Would you copy, word for word, each line from the one with "Engraved Wood Deviled Egg Serving Board" to the end of the listing below, skipping all pictures?

DATA BELOW >>
*** Block opens ***

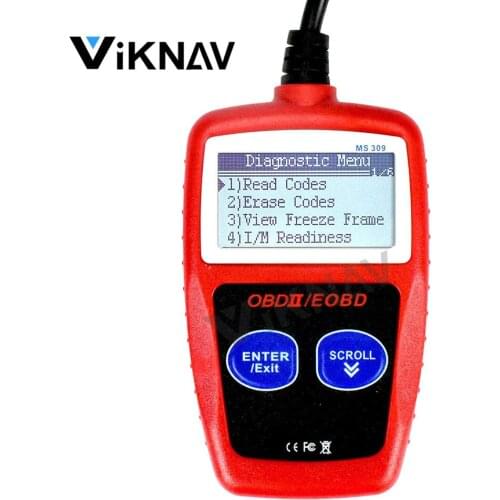 MS309 OBD2 Diagnostic Scanner Check Engine Light Fault Code Reader Universal OBDII Diagnostic Scan Tool Read Clear Trouble Codes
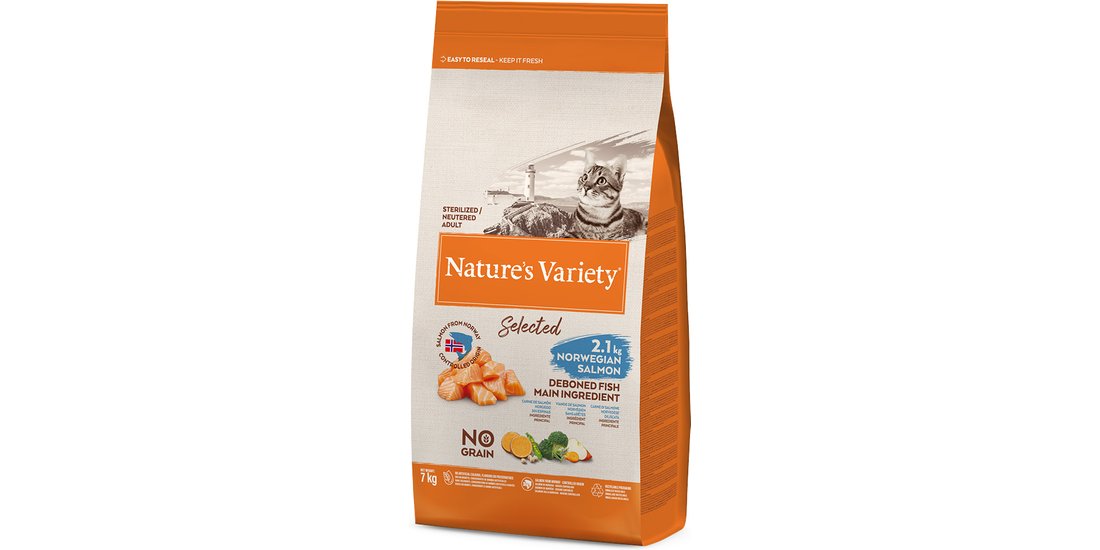 Nature’s Variety No Grain Sterilized Adult Salmone…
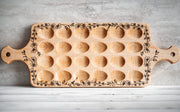Engraved Wood Deviled Egg Serving Board
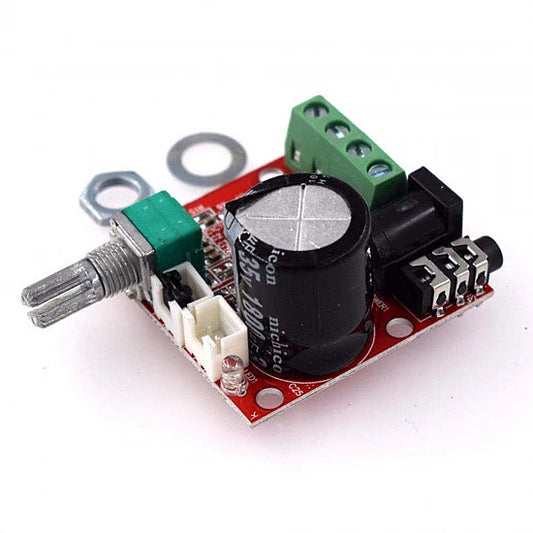 PAM8610 12V 2x10W Dual Channel D Class Audio Stereo Amplifier Board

*** Block closes ***

RESULT BELOW >>
Engraved Wood Deviled Egg Serving Board
 PAM8610 12V 2x10W Dual Channel D Class Audio Stereo Amplifier Board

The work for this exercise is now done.